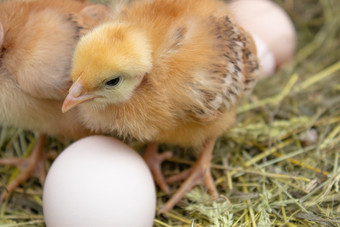 新生儿黄色的鸡有巢沿着整个农业新生儿黄色的鸡有巢沿着整个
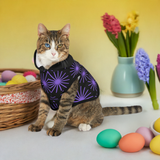 Spring Cat & Dog Pet Hoodie - Festive Easter Design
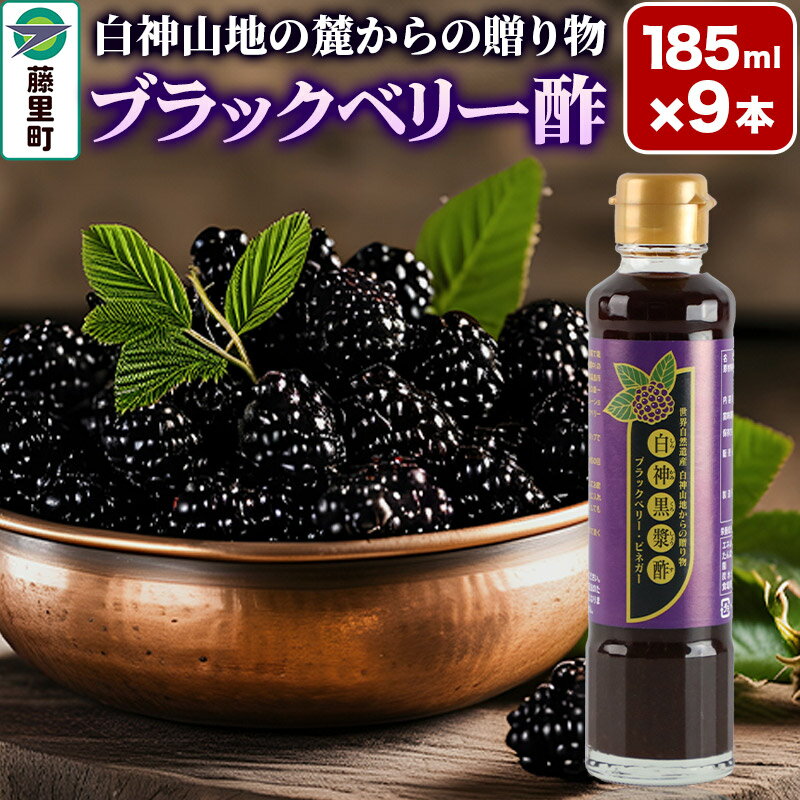 お酢飲料人気ランク9位　口コミ数「0件」評価「0」「【ふるさと納税】ブラックベリー酢（185ml×3本）3セット」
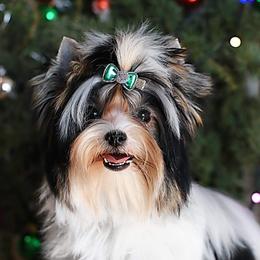 Aisha - Biewer Terrier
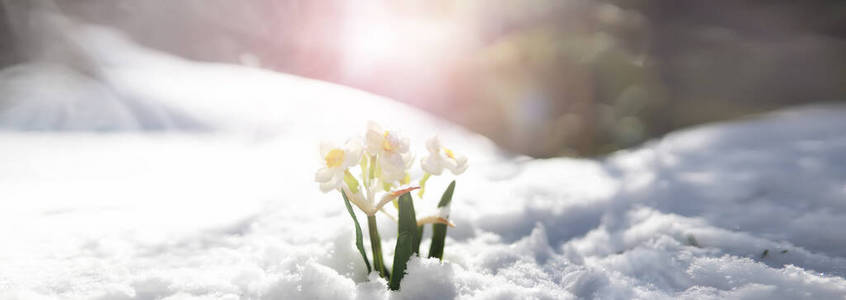 春天 雨滴 阿尔卑斯山 阳光 自然 太阳 寒冷的 冻结 开花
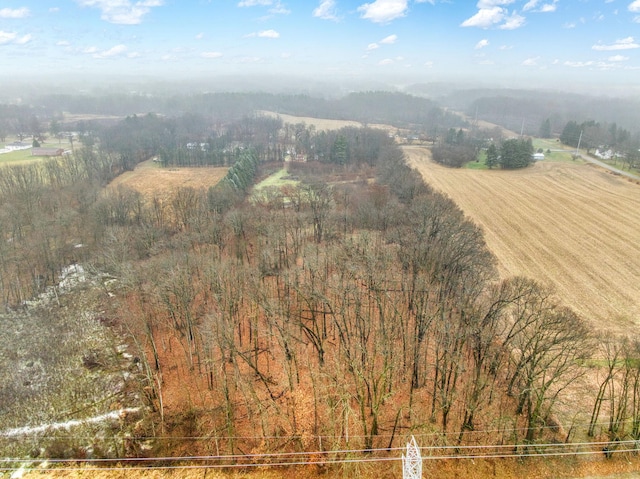 bird's eye view featuring a rural view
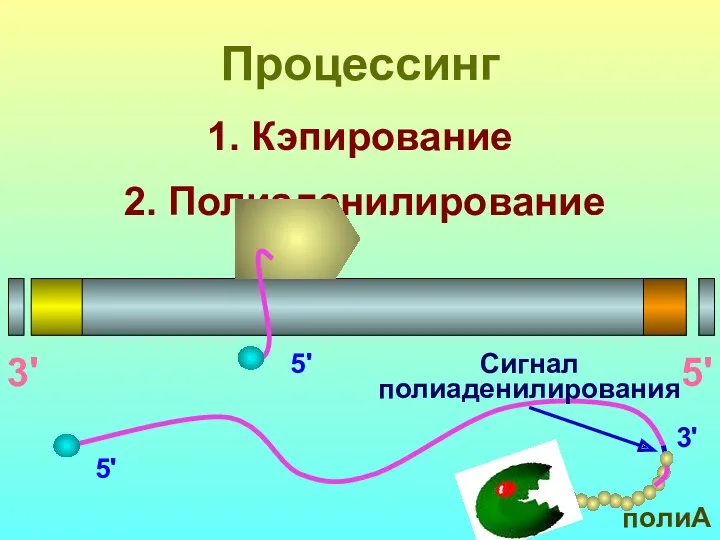 1. Кэпирование Процессинг 3' 5' 5' 3' 2. Полиаденилирование полиА Сигнал полиаденилирования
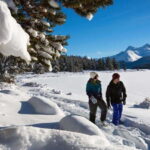 Lake Louise, Peyto Lake, Johnston Canyon & Icefields Parkway - Who Would Love This Tour?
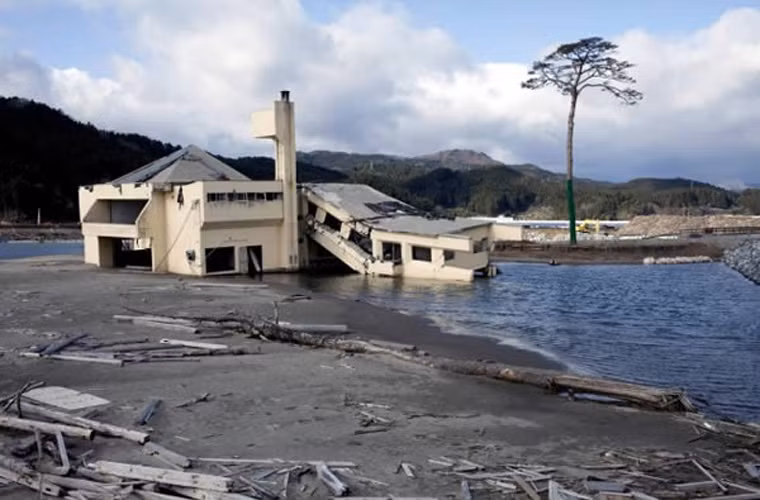 Ngày 11/3/2011, trận động đất và sóng thần Tohoku đã tấn công Nhật Bản. Toàn bộ khu rừng ở Iwateg gồm 70.000 cây bị cuốn trôi thì chỉ có một cây thông duy nhất vẫn trụ vững trước phong ba bão táp. Sau sự kiện đó, cây thông này được gọi là "cây thông kỳ diệu" - biểu tượng của niềm hy vọng sau đợt thiên tai kinh hoàng năm 2011.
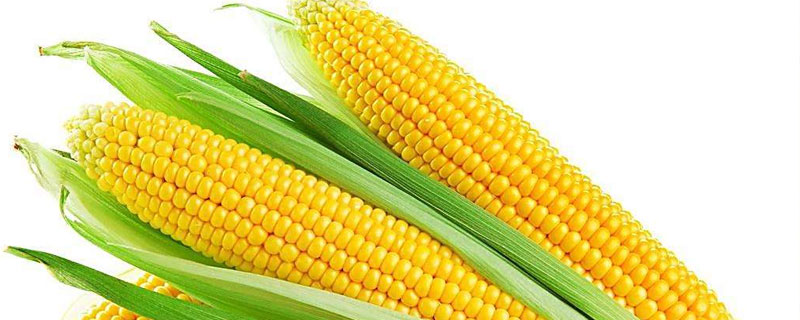 玉米喜欢什么肥料 玉米适合上什么肥料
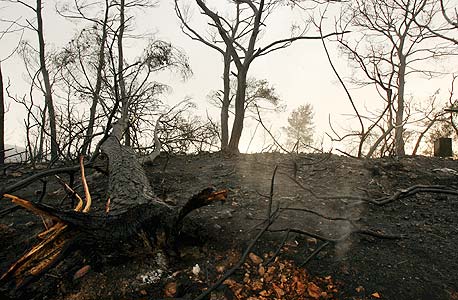 השריפה בכרמל. פינוי עצים שרופים המסוכנים לציבור, צילום: אלעד גרשגורן
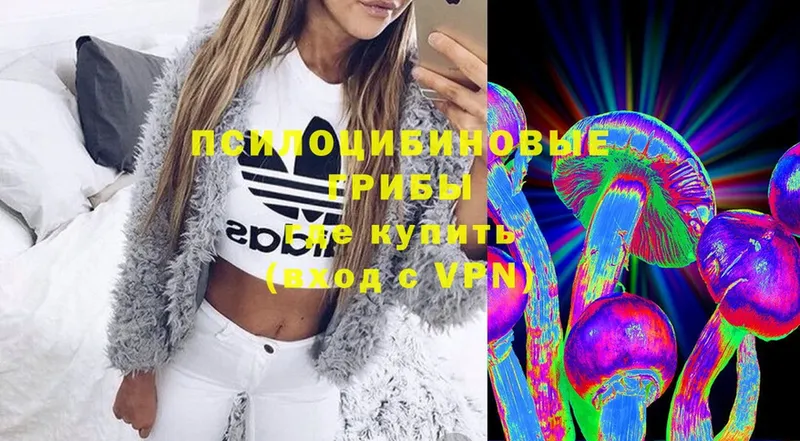 OMG ссылка  Новоуральск  Псилоцибиновые грибы Cubensis 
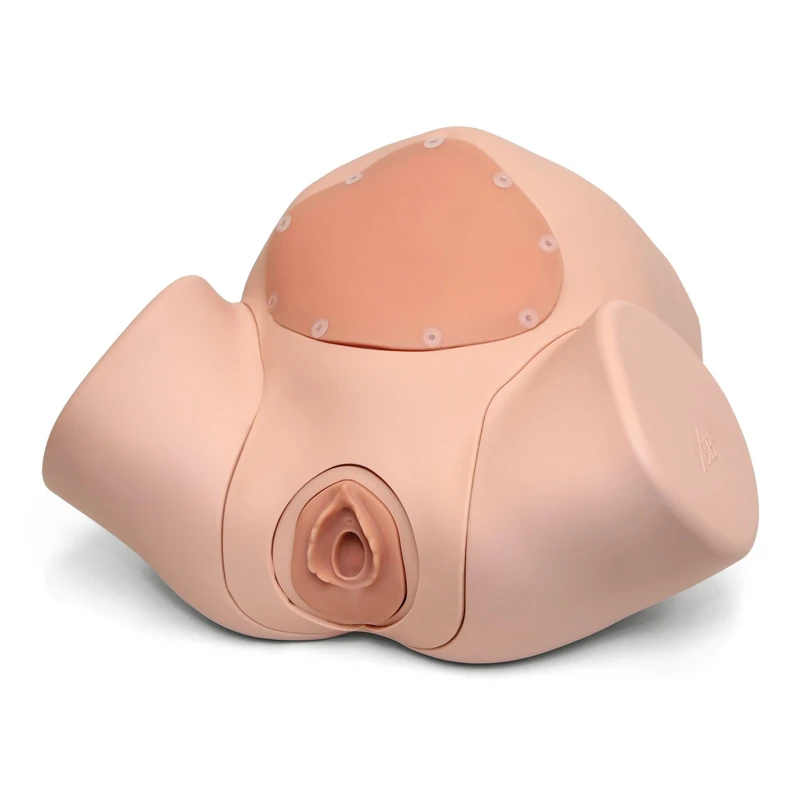 3B Scientific® Episiotomy & Suture Training Module – Light Skin Birthing Simulator Add-On for Perineal Repair & Suturing Practice - Image 1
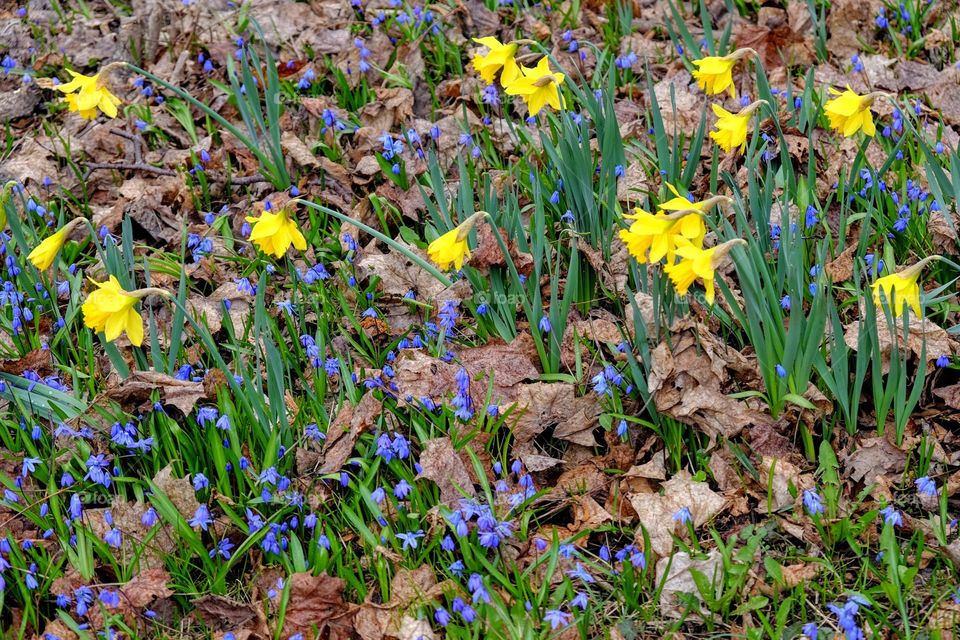 Spring wins: blooming blue and yellow flowers 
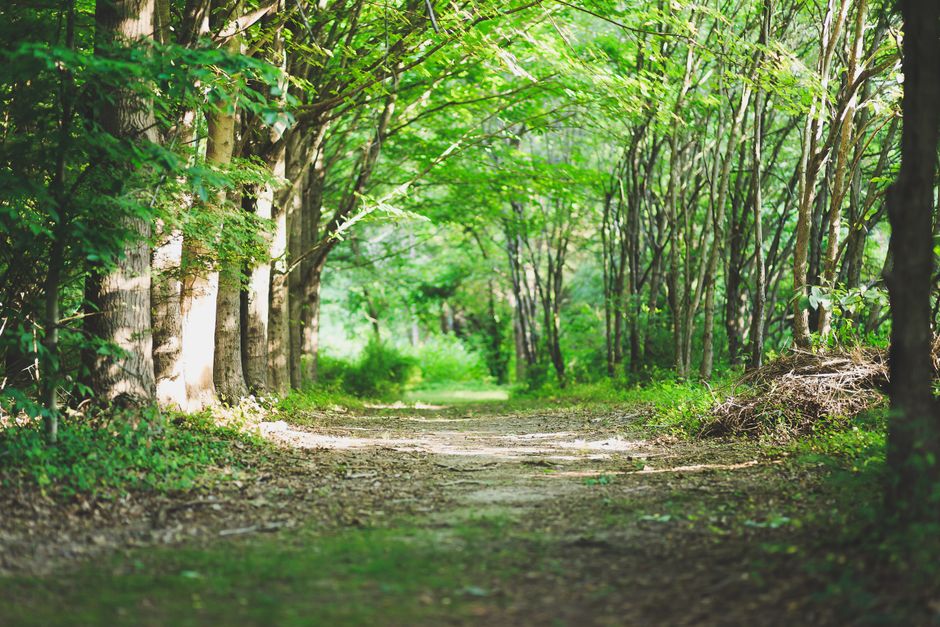 Getting Started With Wellness At Different Life Stages — Part 2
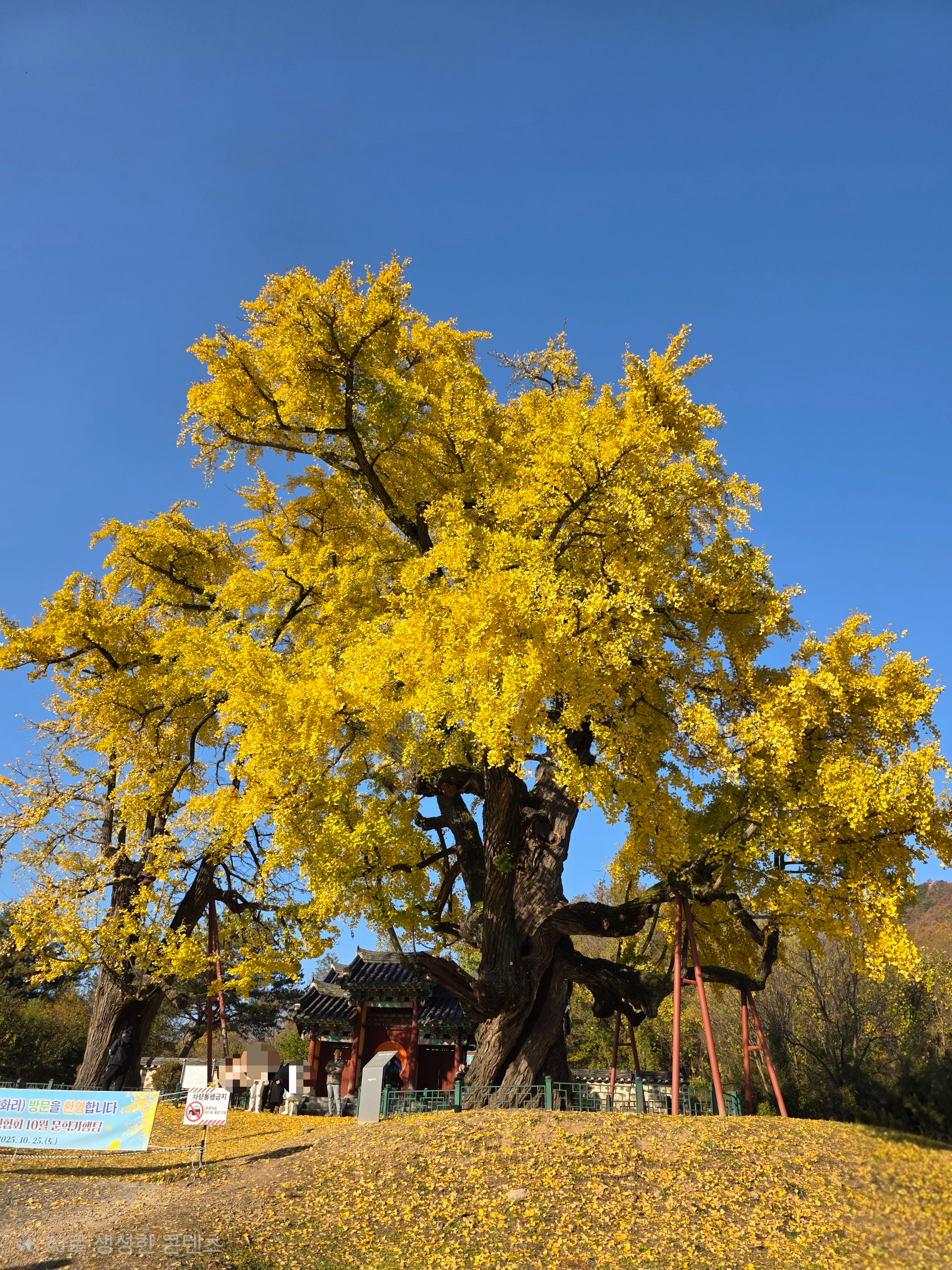 세종 임난수 은행나무 숭모각 세종리 은행나무 역사공원 주소 주차 01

########################################

AIM OF THE TASK: Retyping is limited to the line with "Lake Louise, Peyto" and the lines after it in the material above; give them exactly and leave out the pictures.

EXPECTED ANSWER:
 Lake Louise, Peyto Lake, Johnston Canyon & Icefields Parkway - Who Would Love This Tour?
 Ngày 11/3/2011, trận động đất và sóng thần Tohoku đã tấn công Nhật Bản. Toàn bộ khu rừng ở Iwateg gồm 70.000 cây bị cuốn trôi thì chỉ có một cây thông duy nhất vẫn trụ vững trước phong ba bão táp. Sau sự kiện đó, cây thông này được gọi là "cây thông kỳ diệu" - biểu tượng của niềm hy vọng sau đợt thiên tai kinh hoàng năm 2011.
 玉米喜欢什么肥料 玉米适合上什么肥料
 השריפה בכרמל. פינוי עצים שרופים המסוכנים לציבור, צילום: אלעד גרשגורן
 OMG ссылка  Новоуральск  Псилоцибиновые грибы Cubensis 
 3B Scientific® Episiotomy & Suture Training Module – Light Skin Birthing Simulator Add-On for Perineal Repair & Suturing Practice - Image 1
 Spring wins: blooming blue and yellow flowers 
 Getting Started With Wellness At Different Life Stages — Part 2
 세종 임난수 은행나무 숭모각 세종리 은행나무 역사공원 주소 주차 01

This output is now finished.